INFORMATION SUPPLIED
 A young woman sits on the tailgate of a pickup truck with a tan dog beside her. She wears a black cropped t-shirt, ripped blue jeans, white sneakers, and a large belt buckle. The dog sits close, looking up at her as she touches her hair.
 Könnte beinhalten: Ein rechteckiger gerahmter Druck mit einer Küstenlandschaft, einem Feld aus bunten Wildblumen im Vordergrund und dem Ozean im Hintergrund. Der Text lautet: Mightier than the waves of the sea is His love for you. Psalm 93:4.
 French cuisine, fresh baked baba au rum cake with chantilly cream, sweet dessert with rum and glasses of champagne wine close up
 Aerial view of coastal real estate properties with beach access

==

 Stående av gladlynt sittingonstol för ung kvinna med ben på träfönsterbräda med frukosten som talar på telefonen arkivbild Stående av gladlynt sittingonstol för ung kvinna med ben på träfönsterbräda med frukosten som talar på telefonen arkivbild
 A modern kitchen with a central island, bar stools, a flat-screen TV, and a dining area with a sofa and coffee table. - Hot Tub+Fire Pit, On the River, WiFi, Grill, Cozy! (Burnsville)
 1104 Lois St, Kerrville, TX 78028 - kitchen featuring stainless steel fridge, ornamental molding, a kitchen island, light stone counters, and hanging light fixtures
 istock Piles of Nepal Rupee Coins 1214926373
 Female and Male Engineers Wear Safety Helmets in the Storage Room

...

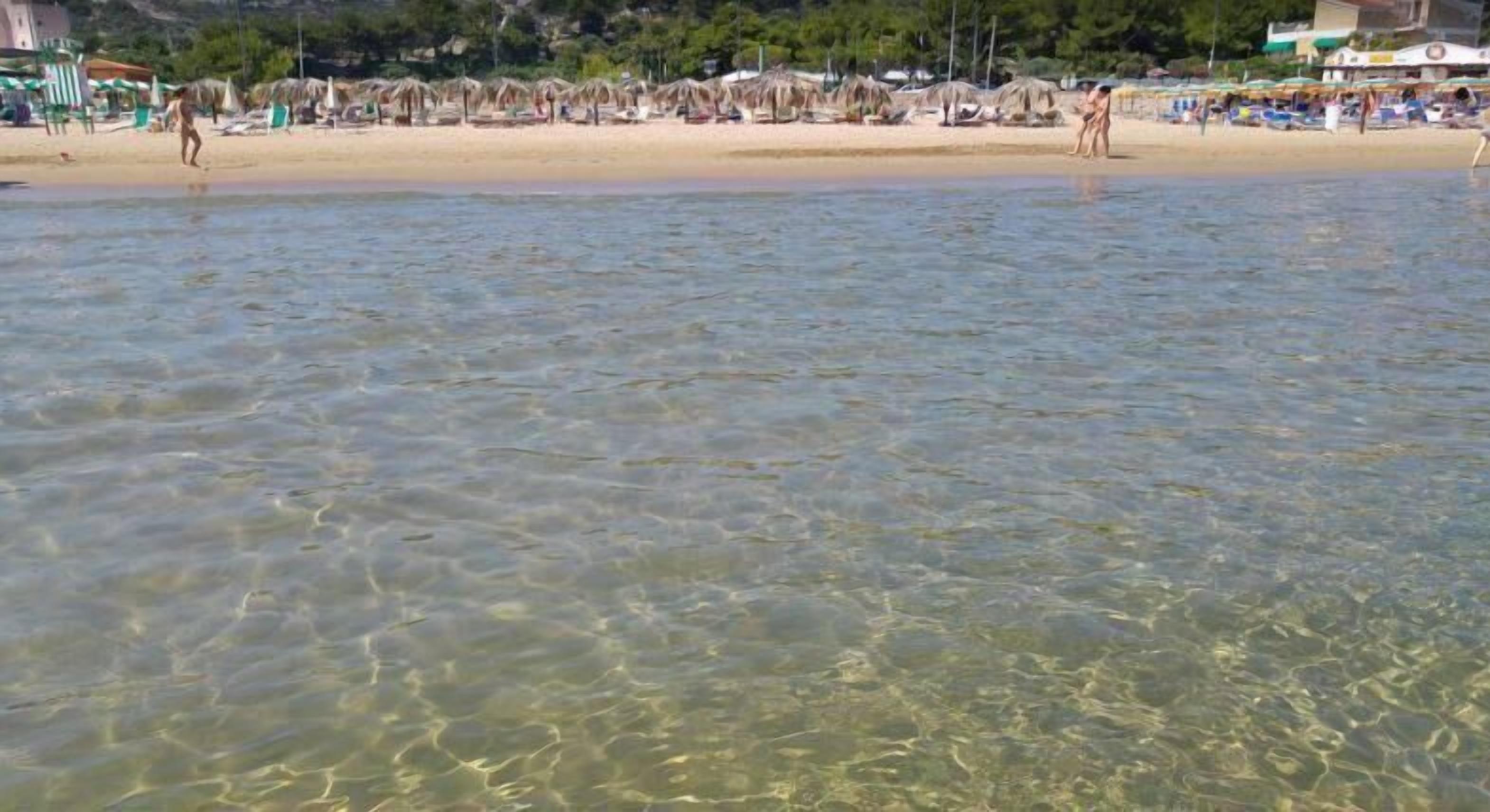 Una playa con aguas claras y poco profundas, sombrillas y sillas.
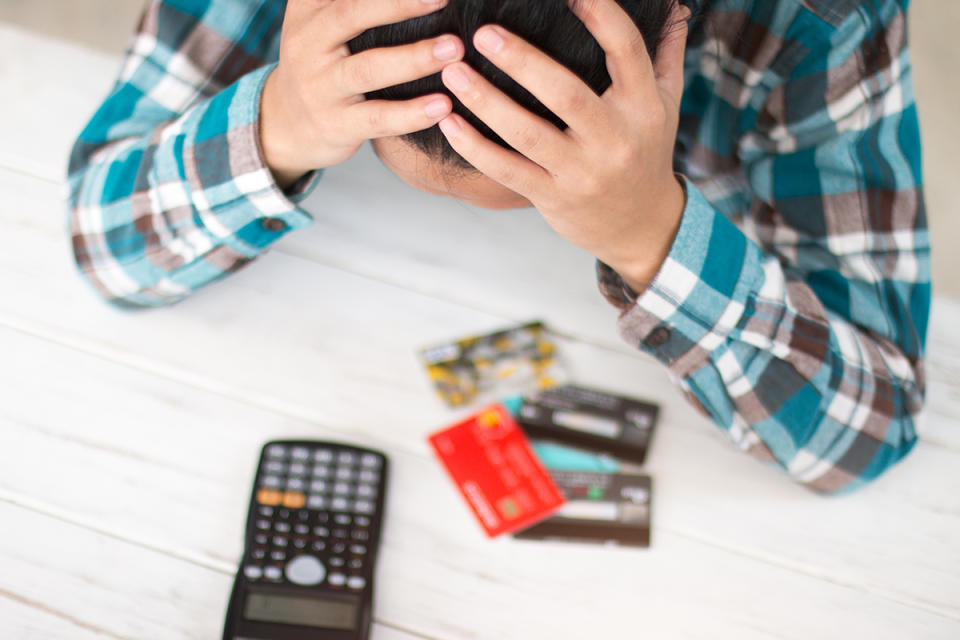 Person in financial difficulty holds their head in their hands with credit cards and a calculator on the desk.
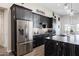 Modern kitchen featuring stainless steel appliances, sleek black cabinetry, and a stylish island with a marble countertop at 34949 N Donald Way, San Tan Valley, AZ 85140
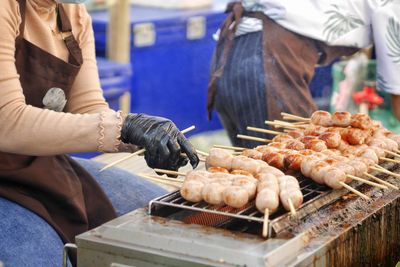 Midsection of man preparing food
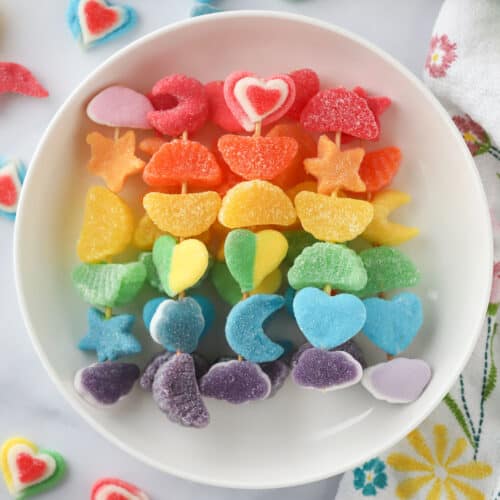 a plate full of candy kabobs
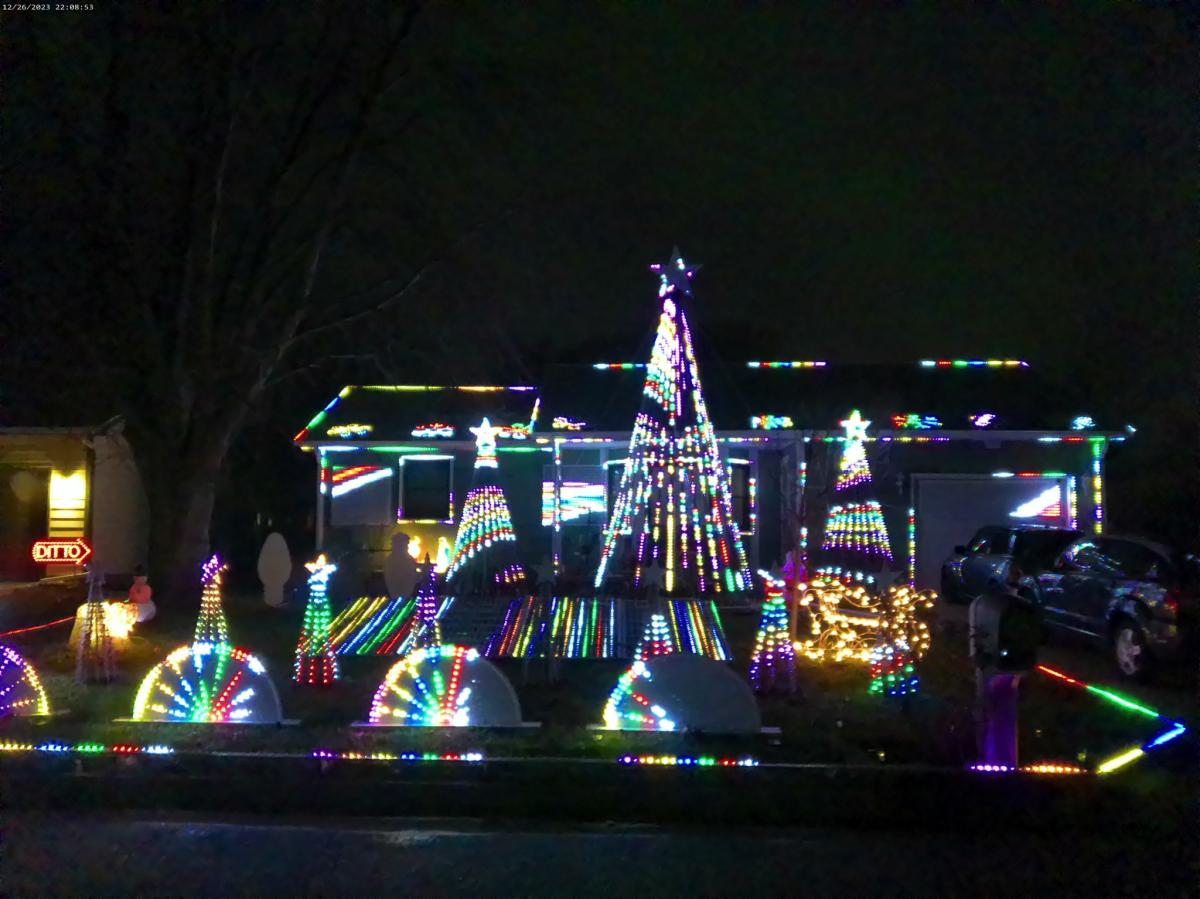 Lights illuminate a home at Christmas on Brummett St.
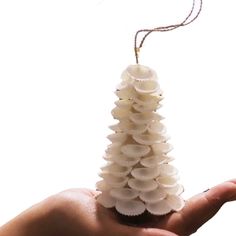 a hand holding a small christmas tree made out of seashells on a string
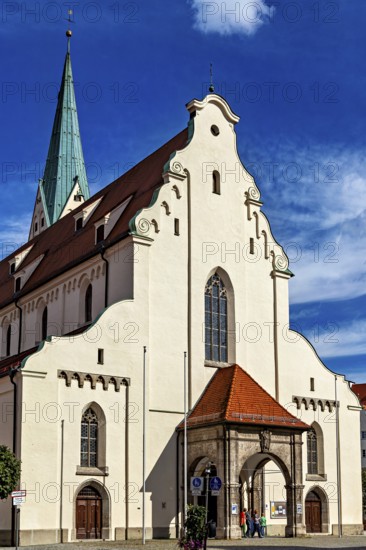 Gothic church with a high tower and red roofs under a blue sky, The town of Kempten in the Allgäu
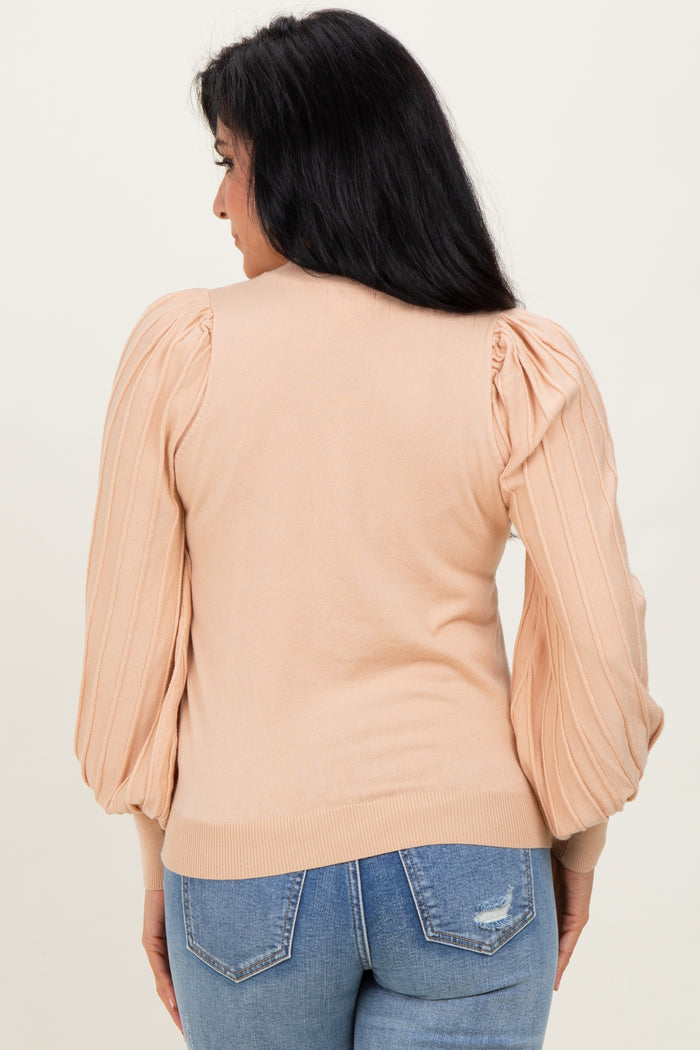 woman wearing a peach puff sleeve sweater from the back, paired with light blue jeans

TASK OBJECTIVE
The lines above starting at the one that holds "Lights illuminate a" and ending at the one that holds "woman wearing a" are to be written out exactly, ends included, and no pictures are to be copied.

SOLUTION
 Lights illuminate a home at Christmas on Brummett St.
 a hand holding a small christmas tree made out of seashells on a string
 Gothic church with a high tower and red roofs under a blue sky, The town of Kempten in the Allgäu
 woman wearing a peach puff sleeve sweater from the back, paired with light blue jeans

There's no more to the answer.